- _ABOUT THIS EXERCISE_
Retype the listing that follows, word for word.

- _DATA SUPPLIED_
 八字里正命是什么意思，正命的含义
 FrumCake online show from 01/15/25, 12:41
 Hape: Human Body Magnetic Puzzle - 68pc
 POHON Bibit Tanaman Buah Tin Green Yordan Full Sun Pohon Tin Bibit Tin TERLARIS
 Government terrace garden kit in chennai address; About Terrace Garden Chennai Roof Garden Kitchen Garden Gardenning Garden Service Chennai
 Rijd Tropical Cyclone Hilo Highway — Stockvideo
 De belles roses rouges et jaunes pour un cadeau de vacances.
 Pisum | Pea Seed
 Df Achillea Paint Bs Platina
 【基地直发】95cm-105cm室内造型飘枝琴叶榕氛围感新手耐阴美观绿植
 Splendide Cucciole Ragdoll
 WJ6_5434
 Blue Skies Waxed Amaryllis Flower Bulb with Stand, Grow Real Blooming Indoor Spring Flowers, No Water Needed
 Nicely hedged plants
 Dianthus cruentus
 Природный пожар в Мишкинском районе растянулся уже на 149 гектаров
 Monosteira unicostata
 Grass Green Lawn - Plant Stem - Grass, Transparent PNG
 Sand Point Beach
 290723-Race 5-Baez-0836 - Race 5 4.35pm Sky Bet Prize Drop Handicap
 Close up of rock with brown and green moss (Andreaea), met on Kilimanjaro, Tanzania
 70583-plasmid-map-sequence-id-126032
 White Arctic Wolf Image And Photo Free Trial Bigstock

- _OUTPUT_
 八字里正命是什么意思，正命的含义
 FrumCake online show from 01/15/25, 12:41
 Hape: Human Body Magnetic Puzzle - 68pc
 POHON Bibit Tanaman Buah Tin Green Yordan Full Sun Pohon Tin Bibit Tin TERLARIS
 Government terrace garden kit in chennai address; About Terrace Garden Chennai Roof Garden Kitchen Garden Gardenning Garden Service Chennai
 Rijd Tropical Cyclone Hilo Highway — Stockvideo
 De belles roses rouges et jaunes pour un cadeau de vacances.
 Pisum | Pea Seed
 Df Achillea Paint Bs Platina
 【基地直发】95cm-105cm室内造型飘枝琴叶榕氛围感新手耐阴美观绿植
 Splendide Cucciole Ragdoll
 WJ6_5434
 Blue Skies Waxed Amaryllis Flower Bulb with Stand, Grow Real Blooming Indoor Spring Flowers, No Water Needed
 Nicely hedged plants
 Dianthus cruentus
 Природный пожар в Мишкинском районе растянулся уже на 149 гектаров
 Monosteira unicostata
 Grass Green Lawn - Plant Stem - Grass, Transparent PNG
 Sand Point Beach
 290723-Race 5-Baez-0836 - Race 5 4.35pm Sky Bet Prize Drop Handicap
 Close up of rock with brown and green moss (Andreaea), met on Kilimanjaro, Tanzania
 70583-plasmid-map-sequence-id-126032
 White Arctic Wolf Image And Photo Free Trial Bigstock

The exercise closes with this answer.